▶ [WORK INSTRUCTIONS] Print the records below exactly, with no pictures.

▶ [SOURCE MATERIAL]
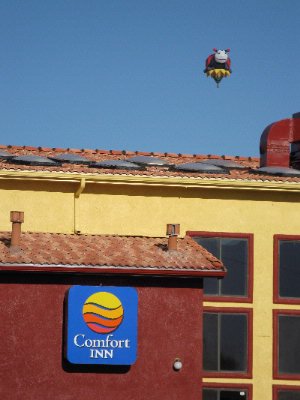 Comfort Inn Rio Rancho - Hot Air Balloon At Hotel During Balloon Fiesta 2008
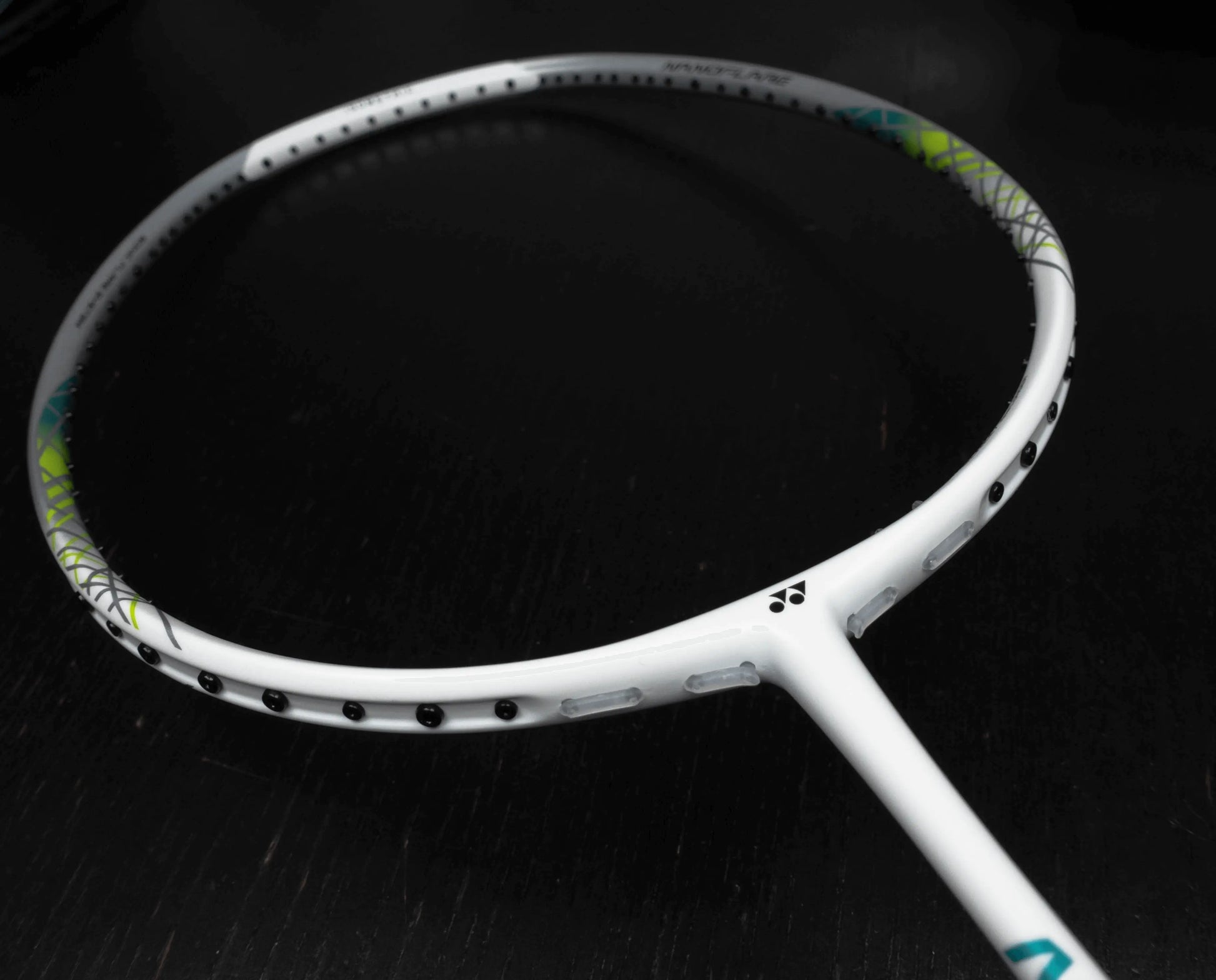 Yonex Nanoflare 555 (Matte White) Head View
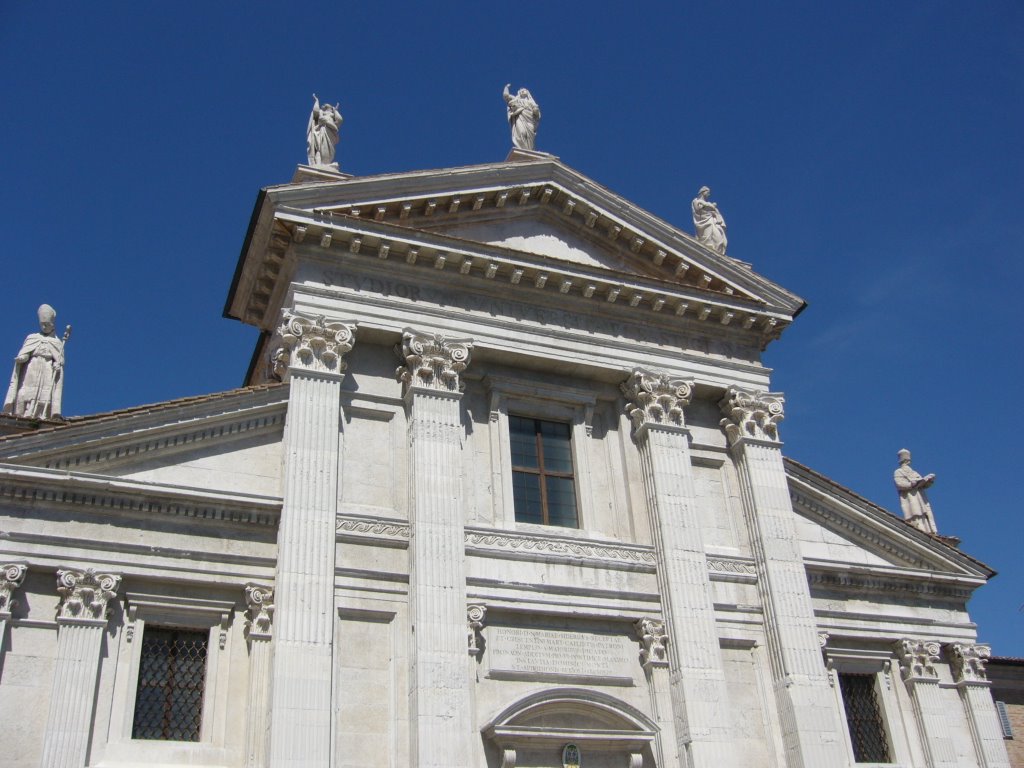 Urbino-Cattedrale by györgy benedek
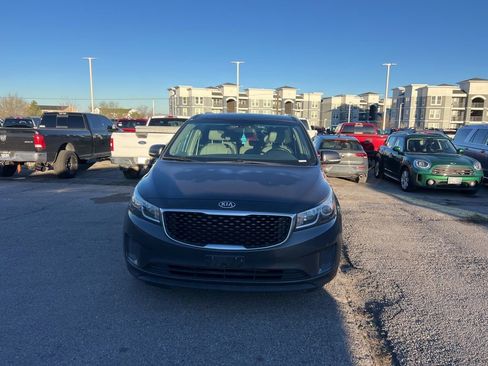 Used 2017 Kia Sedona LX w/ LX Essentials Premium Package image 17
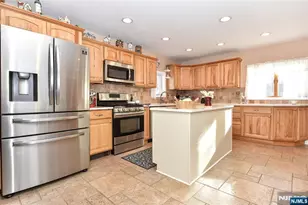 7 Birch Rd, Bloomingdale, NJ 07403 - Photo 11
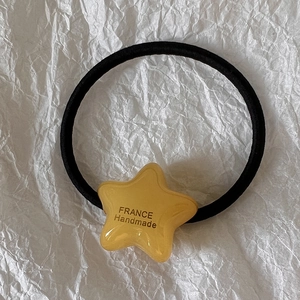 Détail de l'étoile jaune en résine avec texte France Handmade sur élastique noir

▶ [REPLY]
 Comfort Inn Rio Rancho - Hot Air Balloon At Hotel During Balloon Fiesta 2008
 Yonex Nanoflare 555 (Matte White) Head View
 Urbino-Cattedrale by györgy benedek
 Used 2017 Kia Sedona LX w/ LX Essentials Premium Package image 17
 7 Birch Rd, Bloomingdale, NJ 07403 - Photo 11
 Détail de l'étoile jaune en résine avec texte France Handmade sur élastique noir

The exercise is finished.